Records shown

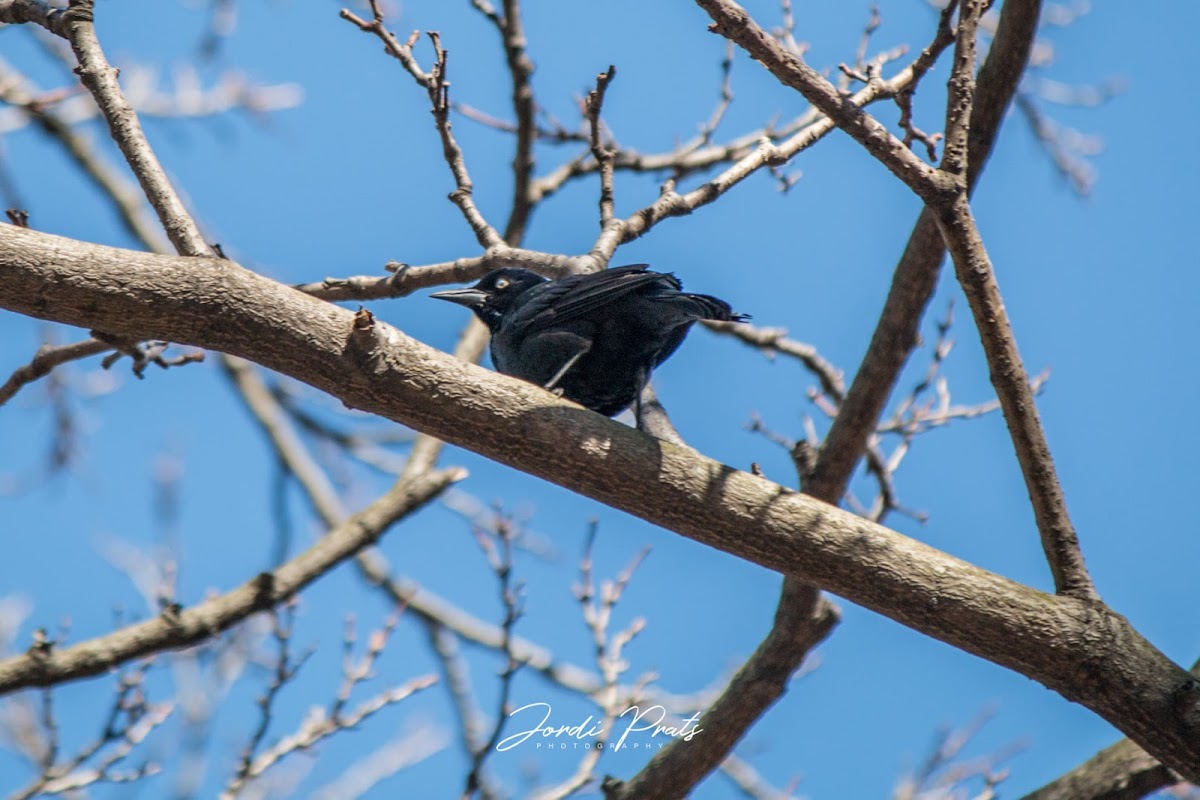 Common Grackle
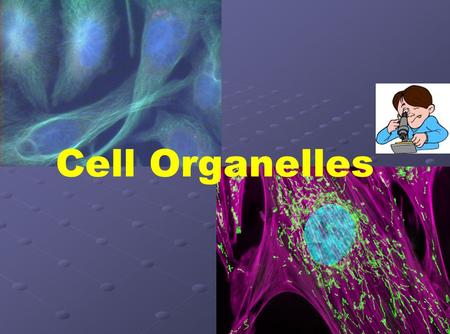 Cell Organelles Use this presentation in conjunction with the Cell Organelle note-taking worksheet. Run through the entire presentation before using it.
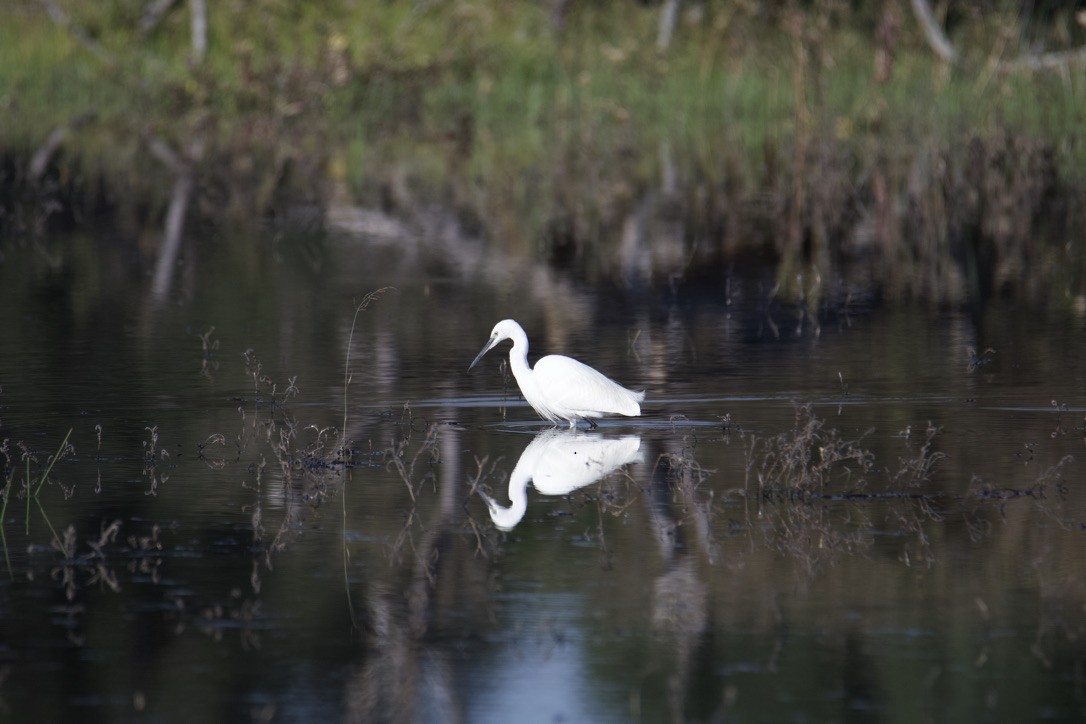 Little Egret - Anonymous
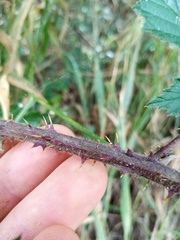Rubus echinatus
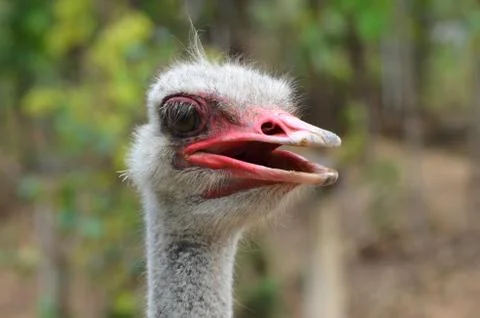 Ostrich head 스톡 사진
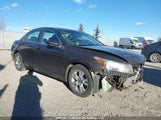 Honda Accord Se 1HGCP2F62BA800605 снимка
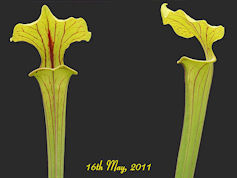 S. flava var. ornata - Very he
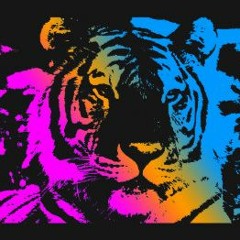 Beautiful Noise (KLBP)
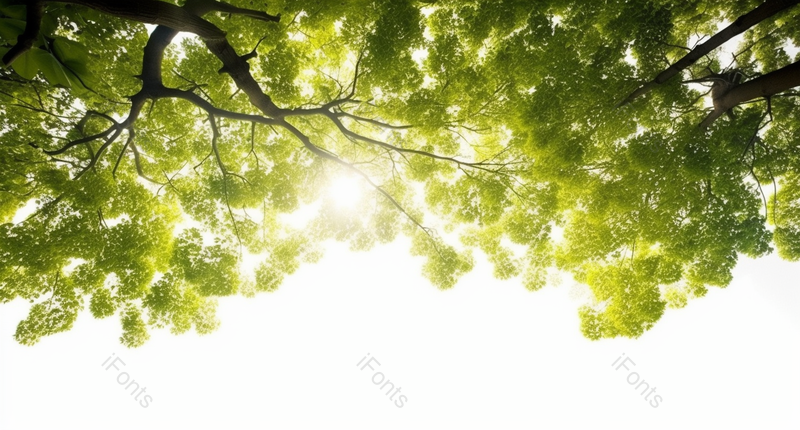 春天树叶天空绿色广告背景,高清,摄影图,摄影图片,图片大全,摄影图免费下载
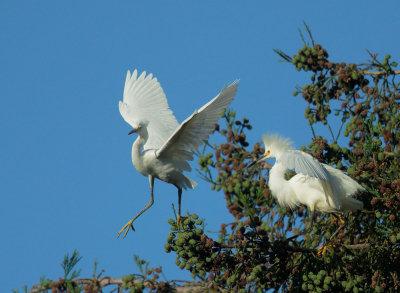 Snowy Egrets, adult (R) and fledgling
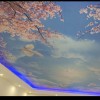 吉林网友35369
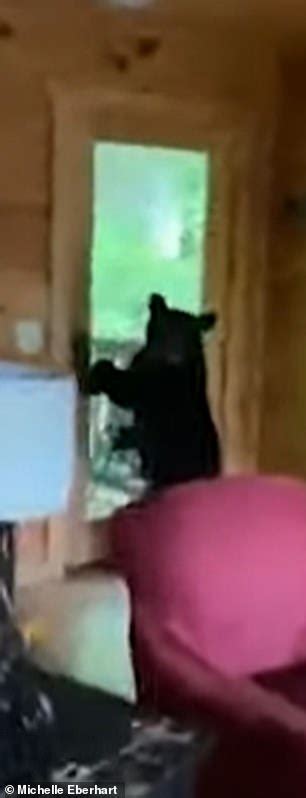 Maybe you would like to learn more about one of these? Bear who ransacked couples kitchen after breaking into ...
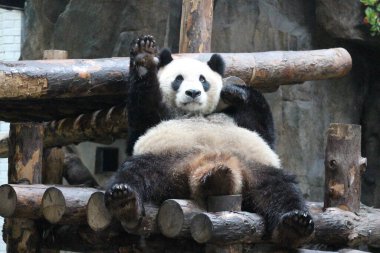 Tombul Panda 'nın komik duruşu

Exercise
Reproduce exactly, and only, the lines from the one with "S. flava var. ornata - Very he" to the final line of the listing above; the pictures are to be left out.

Response box
 S. flava var. ornata - Very he
 Beautiful Noise (KLBP)
 春天树叶天空绿色广告背景,高清,摄影图,摄影图片,图片大全,摄影图免费下载
 Snowy Egrets, adult (R) and fledgling
 吉林网友35369
 Maybe you would like to learn more about one of these? Bear who ransacked couples kitchen after breaking into ...
 Tombul Panda 'nın komik duruşu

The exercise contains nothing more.